=== DATASET CONTENT ===
======
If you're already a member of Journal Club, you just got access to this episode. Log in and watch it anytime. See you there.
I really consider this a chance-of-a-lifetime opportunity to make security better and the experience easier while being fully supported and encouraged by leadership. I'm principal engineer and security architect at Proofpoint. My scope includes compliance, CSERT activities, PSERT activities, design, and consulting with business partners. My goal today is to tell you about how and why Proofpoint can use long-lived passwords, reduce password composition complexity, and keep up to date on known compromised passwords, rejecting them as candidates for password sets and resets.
======
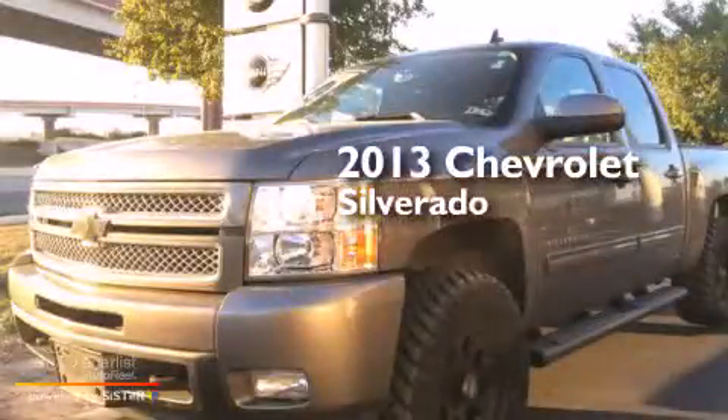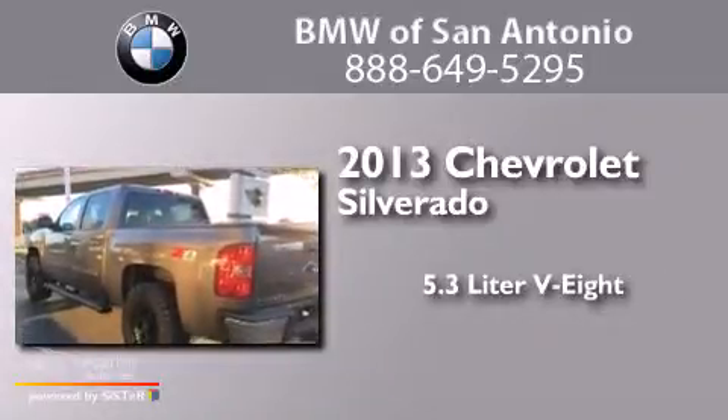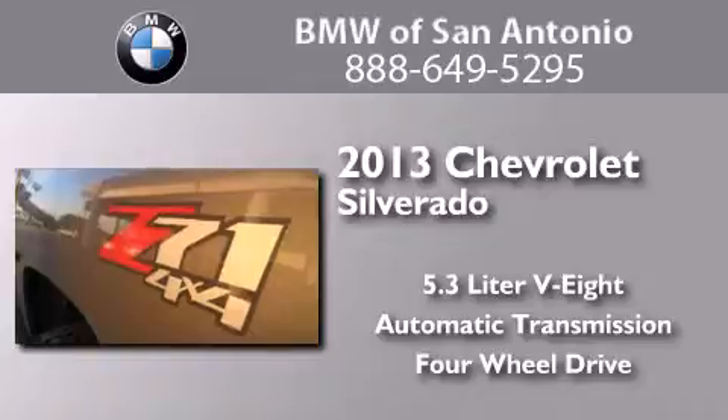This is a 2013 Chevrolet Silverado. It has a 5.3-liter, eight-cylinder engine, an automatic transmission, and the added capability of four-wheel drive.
======
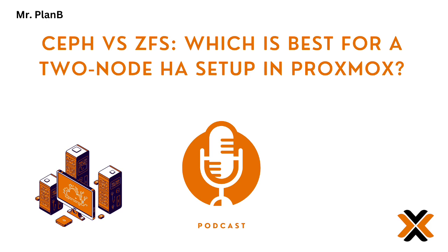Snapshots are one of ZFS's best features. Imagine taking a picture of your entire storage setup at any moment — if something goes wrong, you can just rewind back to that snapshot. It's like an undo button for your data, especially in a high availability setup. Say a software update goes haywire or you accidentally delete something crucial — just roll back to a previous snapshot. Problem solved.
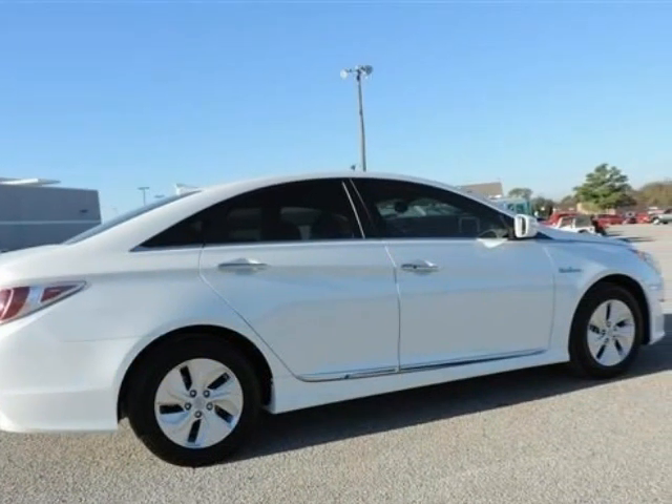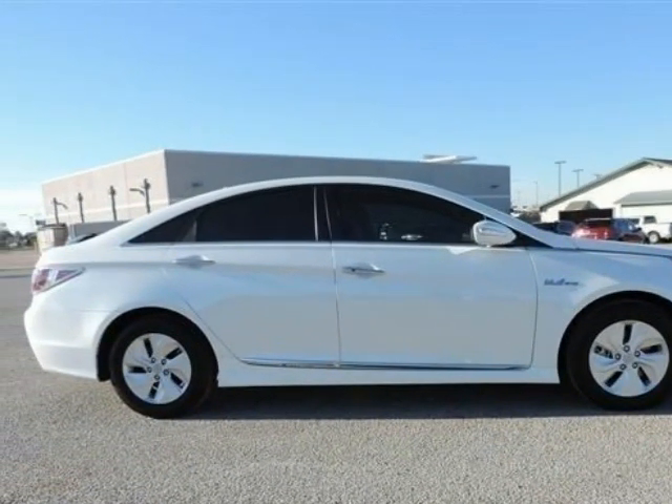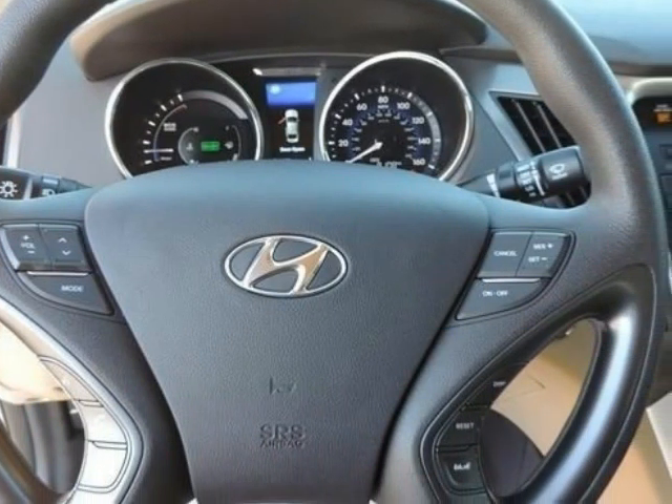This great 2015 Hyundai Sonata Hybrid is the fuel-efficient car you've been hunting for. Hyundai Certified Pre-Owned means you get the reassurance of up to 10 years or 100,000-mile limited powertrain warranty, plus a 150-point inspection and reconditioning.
======
Copy out the lines above exactly, beginning at the one that contains "If you're already" and ending at the one that contains "I really consider".

=== EXERCISE RESULT ===
If you're already a member of Journal Club, you just got access to this episode. Log in and watch it anytime. See you there.
I really consider this a chance-of-a-lifetime opportunity to make security better and the experience easier while being fully supported and encouraged by leadership. I'm principal engineer and security architect at Proofpoint. My scope includes compliance, CSERT activities, PSERT activities, design, and consulting with business partners. My goal today is to tell you about how and why Proofpoint can use long-lived passwords, reduce password composition complexity, and keep up to date on known compromised passwords, rejecting them as candidates for password sets and resets.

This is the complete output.